:: Problem statement ::
In the records below, find the line with "Adorable Bluebird in", then retype it and every following line exactly, stopping after the line with "Boys' sweatshirt and". Leave the pictures out.

:: Record excerpts ::
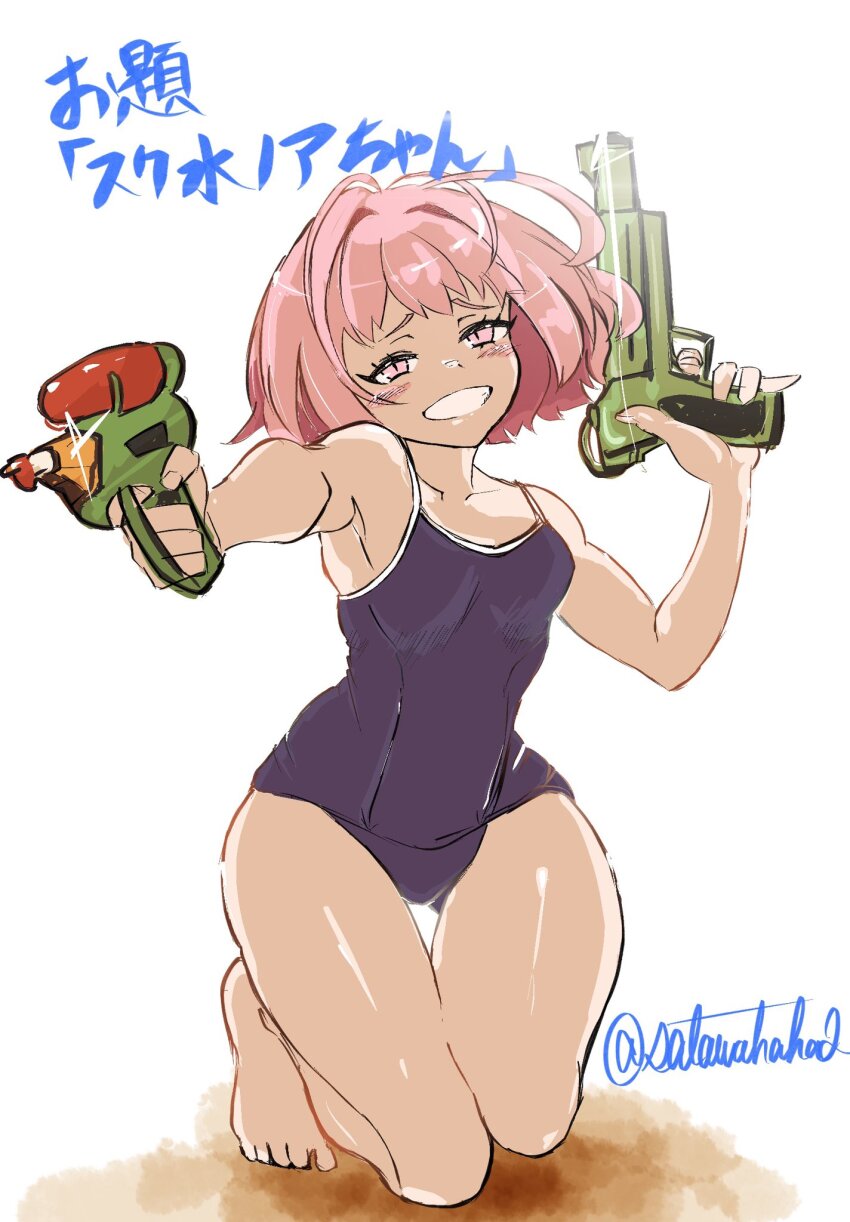 1girl, bare_shoulders, blue_one-piece_swimsuit, breasts, competition_school_swimsuit, dual_wielding, gluteal_fold, goddess_of_victory:_nikke, highres, holding, holding_weapon, noah_(nikke), one-piece_swimsuit, pink_eyes, pink_hair, sata_(satawahaha), school_swimsuit, short_hair, simple_background, small_breasts, solo, swimsuit, thigh_gap, water_gun, weapon, white_background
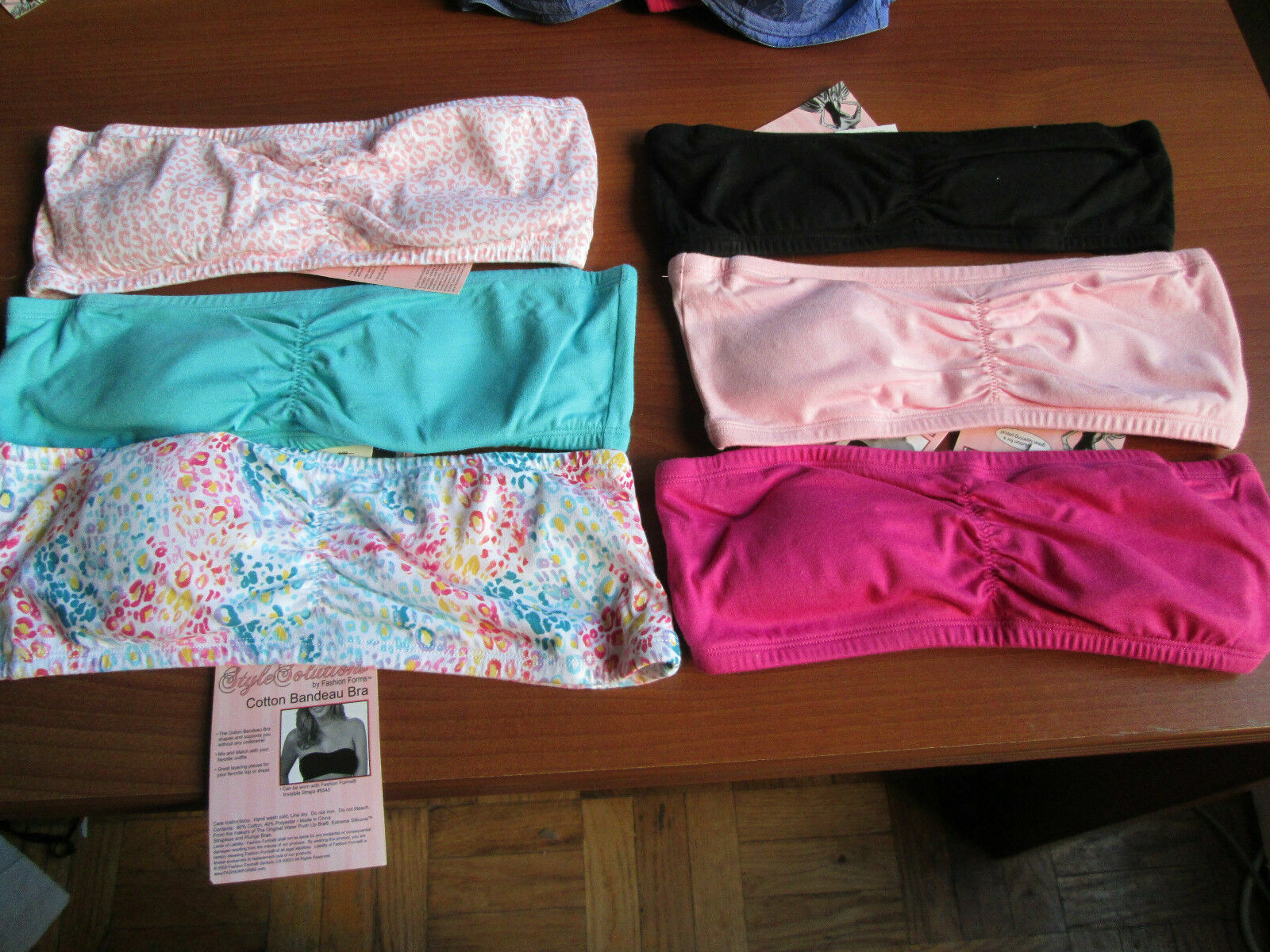 NWT $9 Style Solutions Cotton Bandeau Bra MC693 Various Colors Medium & Large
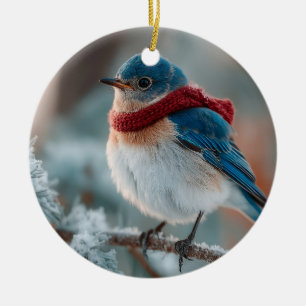 Adorable Bluebird in a Scarf  Ceramic Ornament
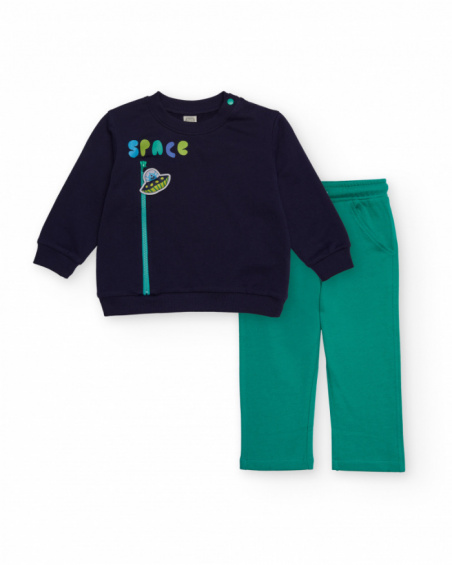 Boys' sweatshirt and pants set in navy blue and green with space print.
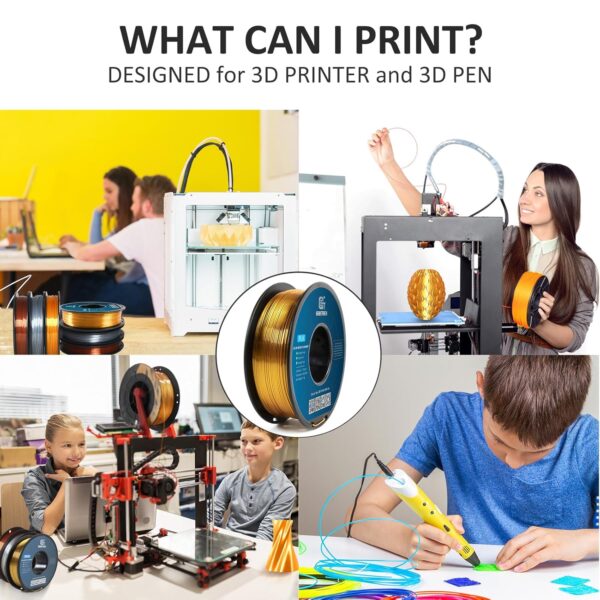 Geeetech Silk PLA Filament 1.75mm for 3D Printer , Metal-Like Shiny Consumable 1kg (2.2lbs) 1 Spool, Dimensional Accuracy +/- 0.03 mm, Silk Gold - Image 8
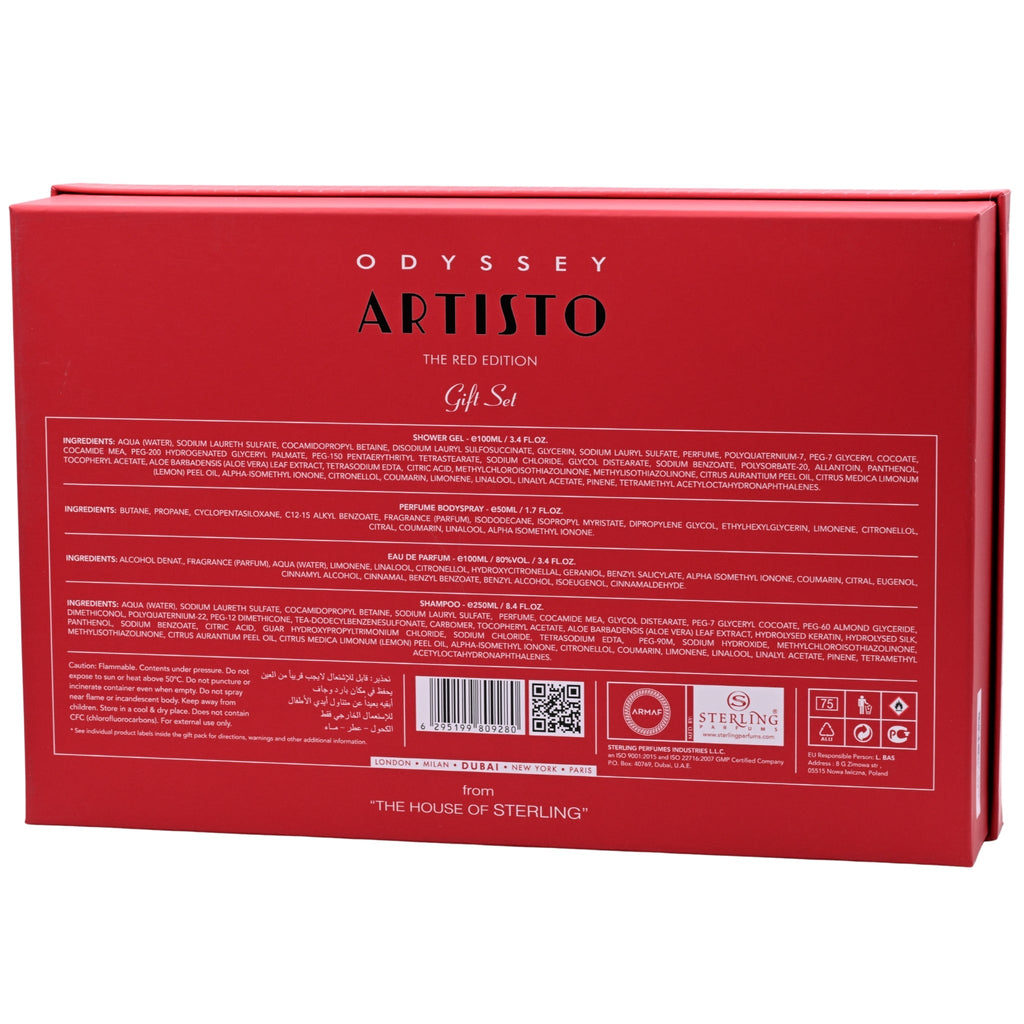 Odyssey Artisto The Red Edition by Armaf 4 pcs gift set for men EDP New in Box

:: Answer below ::
 Adorable Bluebird in a Scarf  Ceramic Ornament
 Boys' sweatshirt and pants set in navy blue and green with space print.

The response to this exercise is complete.